Problem:
Only the lines holding the string "plastic" are needed; copy each of them from the data.

--- START ---

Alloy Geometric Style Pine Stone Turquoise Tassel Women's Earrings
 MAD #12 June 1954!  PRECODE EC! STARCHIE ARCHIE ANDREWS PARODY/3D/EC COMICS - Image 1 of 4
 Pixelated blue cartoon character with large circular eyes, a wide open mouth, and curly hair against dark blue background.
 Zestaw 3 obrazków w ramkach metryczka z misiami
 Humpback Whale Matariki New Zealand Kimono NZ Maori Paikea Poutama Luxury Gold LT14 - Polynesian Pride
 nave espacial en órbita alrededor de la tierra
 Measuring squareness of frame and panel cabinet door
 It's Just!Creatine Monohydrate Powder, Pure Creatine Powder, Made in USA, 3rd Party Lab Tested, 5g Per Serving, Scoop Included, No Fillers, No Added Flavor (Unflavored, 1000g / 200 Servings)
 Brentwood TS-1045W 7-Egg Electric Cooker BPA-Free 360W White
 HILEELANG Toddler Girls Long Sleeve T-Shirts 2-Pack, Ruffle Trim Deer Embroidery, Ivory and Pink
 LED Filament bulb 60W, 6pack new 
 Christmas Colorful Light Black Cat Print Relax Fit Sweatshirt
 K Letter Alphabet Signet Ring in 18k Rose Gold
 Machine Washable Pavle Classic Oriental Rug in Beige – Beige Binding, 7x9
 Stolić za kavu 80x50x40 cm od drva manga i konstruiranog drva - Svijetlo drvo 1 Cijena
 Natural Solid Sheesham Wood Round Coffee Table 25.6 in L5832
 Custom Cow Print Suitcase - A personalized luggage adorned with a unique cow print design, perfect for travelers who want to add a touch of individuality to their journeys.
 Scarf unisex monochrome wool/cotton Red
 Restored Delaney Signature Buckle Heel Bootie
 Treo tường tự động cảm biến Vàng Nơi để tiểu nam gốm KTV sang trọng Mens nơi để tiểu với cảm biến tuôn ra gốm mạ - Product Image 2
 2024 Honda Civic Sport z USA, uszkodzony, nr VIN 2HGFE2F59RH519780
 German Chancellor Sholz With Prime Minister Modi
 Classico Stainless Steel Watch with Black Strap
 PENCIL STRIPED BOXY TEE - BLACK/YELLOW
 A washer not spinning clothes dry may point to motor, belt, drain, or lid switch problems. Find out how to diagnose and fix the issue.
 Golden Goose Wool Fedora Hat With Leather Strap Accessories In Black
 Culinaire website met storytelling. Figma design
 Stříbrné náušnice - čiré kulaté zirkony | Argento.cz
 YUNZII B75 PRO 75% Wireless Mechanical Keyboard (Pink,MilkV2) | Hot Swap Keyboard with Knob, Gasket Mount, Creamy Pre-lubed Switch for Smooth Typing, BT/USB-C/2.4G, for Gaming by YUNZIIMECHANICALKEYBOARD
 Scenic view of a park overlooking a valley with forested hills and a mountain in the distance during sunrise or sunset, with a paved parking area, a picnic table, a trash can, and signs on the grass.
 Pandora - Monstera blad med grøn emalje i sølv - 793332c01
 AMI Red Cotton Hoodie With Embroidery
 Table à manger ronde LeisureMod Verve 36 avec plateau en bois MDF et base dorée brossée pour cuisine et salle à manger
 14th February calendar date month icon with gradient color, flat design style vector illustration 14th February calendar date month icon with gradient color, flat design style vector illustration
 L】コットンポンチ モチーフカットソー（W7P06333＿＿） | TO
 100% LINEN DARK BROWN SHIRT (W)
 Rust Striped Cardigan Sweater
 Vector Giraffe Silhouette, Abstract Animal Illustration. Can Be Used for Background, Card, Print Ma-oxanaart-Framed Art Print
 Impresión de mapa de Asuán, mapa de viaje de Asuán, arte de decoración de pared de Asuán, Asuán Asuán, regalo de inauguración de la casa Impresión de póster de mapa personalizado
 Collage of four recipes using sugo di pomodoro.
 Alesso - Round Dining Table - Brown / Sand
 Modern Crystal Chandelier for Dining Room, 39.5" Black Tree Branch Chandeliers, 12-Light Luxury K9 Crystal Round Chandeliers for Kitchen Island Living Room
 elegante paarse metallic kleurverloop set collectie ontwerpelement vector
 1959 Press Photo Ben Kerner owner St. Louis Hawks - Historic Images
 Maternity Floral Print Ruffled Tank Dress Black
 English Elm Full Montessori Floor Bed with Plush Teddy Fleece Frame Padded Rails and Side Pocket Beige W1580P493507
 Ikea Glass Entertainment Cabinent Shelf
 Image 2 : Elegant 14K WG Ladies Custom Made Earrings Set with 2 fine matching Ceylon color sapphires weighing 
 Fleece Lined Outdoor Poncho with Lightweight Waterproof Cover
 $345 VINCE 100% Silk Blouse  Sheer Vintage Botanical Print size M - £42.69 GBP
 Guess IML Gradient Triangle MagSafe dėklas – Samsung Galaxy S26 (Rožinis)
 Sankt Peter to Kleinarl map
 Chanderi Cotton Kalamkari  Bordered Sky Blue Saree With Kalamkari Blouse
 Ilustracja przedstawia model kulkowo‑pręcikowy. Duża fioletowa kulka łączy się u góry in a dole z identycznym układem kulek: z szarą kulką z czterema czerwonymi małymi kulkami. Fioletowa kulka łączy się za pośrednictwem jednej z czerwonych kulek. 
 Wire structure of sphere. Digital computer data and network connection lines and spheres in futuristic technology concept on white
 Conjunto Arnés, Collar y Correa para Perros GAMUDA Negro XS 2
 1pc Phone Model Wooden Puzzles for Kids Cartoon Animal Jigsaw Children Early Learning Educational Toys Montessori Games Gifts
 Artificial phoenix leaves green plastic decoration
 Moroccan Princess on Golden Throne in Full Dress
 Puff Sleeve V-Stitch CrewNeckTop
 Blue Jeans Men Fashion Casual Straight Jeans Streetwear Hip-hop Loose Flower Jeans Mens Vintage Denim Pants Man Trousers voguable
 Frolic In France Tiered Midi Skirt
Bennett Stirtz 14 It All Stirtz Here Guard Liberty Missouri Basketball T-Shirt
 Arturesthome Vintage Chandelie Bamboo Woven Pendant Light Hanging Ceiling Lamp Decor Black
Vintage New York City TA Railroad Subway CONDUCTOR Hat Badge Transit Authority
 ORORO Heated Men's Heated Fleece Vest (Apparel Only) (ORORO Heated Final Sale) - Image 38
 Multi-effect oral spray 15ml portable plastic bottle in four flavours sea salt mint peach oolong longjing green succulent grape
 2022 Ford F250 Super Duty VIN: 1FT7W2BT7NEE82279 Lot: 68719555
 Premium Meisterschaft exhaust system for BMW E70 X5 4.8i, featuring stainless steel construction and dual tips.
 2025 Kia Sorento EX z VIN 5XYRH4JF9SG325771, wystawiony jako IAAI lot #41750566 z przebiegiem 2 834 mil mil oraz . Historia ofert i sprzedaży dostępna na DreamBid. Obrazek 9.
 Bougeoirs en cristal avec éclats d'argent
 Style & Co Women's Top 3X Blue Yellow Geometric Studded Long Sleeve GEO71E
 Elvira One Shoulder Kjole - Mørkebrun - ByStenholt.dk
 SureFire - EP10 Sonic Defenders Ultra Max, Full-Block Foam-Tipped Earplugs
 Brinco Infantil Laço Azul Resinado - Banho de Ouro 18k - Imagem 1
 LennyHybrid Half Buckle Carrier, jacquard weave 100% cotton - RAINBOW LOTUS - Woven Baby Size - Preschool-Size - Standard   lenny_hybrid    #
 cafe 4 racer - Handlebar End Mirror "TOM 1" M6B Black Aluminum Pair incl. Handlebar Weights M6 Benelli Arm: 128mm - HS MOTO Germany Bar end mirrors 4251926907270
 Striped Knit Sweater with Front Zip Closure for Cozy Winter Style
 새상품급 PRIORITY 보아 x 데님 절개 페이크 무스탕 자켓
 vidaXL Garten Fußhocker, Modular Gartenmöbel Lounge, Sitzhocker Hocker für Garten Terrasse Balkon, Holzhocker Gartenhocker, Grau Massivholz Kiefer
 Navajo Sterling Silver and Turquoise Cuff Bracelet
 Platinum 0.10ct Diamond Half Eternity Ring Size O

--- END ---

Response area:
 Artificial phoenix leaves green plastic decoration
 Multi-effect oral spray 15ml portable plastic bottle in four flavours sea salt mint peach oolong longjing green succulent grape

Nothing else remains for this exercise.